◆ **Stored data**

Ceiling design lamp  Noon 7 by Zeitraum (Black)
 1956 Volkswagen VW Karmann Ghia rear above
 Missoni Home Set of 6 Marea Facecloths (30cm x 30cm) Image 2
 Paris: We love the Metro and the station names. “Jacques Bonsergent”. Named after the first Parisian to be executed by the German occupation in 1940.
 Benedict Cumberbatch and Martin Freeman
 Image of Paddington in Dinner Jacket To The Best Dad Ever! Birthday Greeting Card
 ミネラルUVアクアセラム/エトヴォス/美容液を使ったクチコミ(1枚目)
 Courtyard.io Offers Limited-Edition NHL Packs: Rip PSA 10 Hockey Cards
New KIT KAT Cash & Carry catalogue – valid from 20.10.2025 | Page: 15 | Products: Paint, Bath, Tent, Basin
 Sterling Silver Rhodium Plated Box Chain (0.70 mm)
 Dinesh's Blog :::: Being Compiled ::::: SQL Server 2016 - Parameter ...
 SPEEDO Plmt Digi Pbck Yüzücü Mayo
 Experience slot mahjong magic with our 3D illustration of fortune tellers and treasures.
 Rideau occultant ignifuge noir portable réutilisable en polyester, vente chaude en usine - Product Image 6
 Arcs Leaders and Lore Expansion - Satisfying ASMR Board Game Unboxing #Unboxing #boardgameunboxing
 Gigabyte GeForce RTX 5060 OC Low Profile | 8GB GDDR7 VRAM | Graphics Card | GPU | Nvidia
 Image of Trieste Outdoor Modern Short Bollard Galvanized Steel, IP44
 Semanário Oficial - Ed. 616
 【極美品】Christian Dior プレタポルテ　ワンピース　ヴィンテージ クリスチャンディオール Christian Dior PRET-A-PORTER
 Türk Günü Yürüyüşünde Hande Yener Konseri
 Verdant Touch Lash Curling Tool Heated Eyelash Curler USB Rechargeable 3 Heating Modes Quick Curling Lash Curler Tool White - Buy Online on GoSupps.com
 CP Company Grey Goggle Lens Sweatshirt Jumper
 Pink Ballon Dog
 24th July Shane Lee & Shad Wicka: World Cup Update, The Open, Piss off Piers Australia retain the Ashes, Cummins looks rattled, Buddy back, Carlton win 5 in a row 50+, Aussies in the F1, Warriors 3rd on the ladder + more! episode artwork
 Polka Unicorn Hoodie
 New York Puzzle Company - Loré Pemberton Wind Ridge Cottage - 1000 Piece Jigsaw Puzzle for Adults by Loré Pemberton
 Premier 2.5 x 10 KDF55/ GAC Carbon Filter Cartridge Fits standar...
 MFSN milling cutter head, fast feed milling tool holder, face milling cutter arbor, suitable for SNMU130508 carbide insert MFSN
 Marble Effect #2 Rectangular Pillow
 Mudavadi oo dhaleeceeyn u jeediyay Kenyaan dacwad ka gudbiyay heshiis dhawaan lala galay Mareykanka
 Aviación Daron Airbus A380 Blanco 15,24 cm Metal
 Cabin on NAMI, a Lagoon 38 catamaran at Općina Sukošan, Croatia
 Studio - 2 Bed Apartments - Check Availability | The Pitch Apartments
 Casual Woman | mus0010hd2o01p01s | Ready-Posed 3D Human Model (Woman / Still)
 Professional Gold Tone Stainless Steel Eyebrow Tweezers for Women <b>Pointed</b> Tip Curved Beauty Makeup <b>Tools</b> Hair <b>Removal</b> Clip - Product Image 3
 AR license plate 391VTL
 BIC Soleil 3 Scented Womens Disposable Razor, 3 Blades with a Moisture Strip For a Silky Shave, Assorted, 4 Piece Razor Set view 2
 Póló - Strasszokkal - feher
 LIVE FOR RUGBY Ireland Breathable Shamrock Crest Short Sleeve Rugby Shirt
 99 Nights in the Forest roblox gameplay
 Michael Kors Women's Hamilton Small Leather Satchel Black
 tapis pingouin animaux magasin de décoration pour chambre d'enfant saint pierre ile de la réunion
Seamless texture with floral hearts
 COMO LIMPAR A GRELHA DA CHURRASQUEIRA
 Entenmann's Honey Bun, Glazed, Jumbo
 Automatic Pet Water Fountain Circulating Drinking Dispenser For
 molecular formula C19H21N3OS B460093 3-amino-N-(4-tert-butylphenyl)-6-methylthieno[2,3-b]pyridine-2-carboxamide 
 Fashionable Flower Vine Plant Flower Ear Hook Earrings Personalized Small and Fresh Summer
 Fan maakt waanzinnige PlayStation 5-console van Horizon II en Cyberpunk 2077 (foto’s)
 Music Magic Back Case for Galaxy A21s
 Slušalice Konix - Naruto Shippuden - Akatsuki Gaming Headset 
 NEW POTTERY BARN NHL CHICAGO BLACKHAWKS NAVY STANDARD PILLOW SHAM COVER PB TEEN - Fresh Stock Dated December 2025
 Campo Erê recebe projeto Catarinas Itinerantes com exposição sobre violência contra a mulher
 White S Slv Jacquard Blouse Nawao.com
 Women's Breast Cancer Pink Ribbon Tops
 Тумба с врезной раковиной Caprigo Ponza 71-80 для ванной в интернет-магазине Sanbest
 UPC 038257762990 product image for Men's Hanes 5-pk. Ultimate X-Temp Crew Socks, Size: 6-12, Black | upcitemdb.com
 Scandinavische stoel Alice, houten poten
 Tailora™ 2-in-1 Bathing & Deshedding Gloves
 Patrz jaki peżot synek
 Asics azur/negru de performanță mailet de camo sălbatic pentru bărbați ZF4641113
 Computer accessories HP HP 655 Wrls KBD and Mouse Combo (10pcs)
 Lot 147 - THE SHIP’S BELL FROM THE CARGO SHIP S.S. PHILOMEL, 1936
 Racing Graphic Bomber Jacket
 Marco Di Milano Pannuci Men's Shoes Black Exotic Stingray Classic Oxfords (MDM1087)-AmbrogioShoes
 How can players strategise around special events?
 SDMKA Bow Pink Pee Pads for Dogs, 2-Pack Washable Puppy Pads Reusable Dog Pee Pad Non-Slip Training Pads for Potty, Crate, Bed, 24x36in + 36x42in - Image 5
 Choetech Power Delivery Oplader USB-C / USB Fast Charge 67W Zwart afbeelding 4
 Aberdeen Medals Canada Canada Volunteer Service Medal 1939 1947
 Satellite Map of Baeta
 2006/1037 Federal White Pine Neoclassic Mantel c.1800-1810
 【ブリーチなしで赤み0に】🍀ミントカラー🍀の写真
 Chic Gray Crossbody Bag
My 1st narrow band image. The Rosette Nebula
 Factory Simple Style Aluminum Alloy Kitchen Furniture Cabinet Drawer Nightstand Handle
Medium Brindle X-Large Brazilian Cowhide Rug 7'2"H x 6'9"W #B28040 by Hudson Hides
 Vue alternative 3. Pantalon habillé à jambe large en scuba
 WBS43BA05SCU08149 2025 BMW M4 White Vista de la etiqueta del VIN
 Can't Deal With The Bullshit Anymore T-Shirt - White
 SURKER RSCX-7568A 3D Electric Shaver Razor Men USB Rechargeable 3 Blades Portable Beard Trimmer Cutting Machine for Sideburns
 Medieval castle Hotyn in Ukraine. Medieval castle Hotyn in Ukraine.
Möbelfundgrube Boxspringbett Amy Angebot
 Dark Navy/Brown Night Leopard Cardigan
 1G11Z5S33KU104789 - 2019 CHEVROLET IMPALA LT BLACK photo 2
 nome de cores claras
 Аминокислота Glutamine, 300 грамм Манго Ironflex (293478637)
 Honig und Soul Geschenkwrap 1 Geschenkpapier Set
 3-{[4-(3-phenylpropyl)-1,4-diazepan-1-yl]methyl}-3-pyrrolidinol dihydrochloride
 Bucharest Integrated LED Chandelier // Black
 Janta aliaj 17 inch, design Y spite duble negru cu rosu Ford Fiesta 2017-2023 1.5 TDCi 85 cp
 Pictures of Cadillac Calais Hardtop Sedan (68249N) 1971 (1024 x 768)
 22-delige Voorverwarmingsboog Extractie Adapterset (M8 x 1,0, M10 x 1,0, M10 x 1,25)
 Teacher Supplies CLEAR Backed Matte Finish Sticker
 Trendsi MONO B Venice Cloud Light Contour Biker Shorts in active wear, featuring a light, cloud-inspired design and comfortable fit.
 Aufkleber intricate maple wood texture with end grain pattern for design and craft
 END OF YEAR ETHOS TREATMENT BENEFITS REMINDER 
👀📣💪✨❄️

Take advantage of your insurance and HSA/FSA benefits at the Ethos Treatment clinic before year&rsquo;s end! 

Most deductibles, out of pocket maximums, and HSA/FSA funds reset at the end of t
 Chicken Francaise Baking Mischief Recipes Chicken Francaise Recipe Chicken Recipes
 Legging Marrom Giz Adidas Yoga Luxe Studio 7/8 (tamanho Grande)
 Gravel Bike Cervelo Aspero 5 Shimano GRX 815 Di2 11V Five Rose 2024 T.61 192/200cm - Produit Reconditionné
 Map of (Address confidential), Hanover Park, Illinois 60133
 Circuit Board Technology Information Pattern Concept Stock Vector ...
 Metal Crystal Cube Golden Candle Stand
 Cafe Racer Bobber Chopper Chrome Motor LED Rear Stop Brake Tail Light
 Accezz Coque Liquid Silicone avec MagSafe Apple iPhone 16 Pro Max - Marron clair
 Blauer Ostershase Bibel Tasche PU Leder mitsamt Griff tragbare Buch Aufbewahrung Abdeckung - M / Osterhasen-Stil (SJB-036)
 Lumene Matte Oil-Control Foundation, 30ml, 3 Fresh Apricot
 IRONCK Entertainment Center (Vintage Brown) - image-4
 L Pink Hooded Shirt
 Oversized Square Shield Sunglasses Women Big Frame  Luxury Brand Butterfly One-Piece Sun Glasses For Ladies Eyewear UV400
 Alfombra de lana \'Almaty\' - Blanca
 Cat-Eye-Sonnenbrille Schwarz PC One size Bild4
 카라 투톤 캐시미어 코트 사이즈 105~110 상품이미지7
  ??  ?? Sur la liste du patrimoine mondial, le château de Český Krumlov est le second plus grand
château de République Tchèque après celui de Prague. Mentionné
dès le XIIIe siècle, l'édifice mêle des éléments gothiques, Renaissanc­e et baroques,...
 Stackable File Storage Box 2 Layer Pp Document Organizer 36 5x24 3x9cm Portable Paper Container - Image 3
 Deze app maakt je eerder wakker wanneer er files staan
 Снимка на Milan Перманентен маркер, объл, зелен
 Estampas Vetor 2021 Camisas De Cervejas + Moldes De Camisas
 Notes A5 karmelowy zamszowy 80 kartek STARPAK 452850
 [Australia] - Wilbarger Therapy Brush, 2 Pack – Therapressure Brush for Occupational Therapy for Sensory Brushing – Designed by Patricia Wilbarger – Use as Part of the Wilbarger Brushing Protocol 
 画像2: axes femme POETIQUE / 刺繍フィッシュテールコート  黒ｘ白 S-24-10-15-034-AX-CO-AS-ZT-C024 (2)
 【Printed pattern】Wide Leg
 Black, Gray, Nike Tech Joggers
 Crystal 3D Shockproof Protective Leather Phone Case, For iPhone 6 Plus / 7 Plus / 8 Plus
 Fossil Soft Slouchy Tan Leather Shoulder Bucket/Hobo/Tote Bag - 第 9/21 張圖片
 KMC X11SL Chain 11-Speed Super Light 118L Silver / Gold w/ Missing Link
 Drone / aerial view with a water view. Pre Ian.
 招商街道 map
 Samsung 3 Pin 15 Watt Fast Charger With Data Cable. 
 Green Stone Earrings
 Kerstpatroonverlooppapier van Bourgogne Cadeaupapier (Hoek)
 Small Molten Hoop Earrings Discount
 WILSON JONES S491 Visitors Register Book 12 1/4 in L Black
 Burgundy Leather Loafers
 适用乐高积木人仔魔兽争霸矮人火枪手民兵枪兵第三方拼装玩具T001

◆ **Task description**
Each line above that includes "Steel" should be shown.

◆ **Task solution**
 Image of Trieste Outdoor Modern Short Bollard Galvanized Steel, IP44
 Professional Gold Tone Stainless Steel Eyebrow Tweezers for Women <b>Pointed</b> Tip Curved Beauty Makeup <b>Tools</b> Hair <b>Removal</b> Clip - Product Image 3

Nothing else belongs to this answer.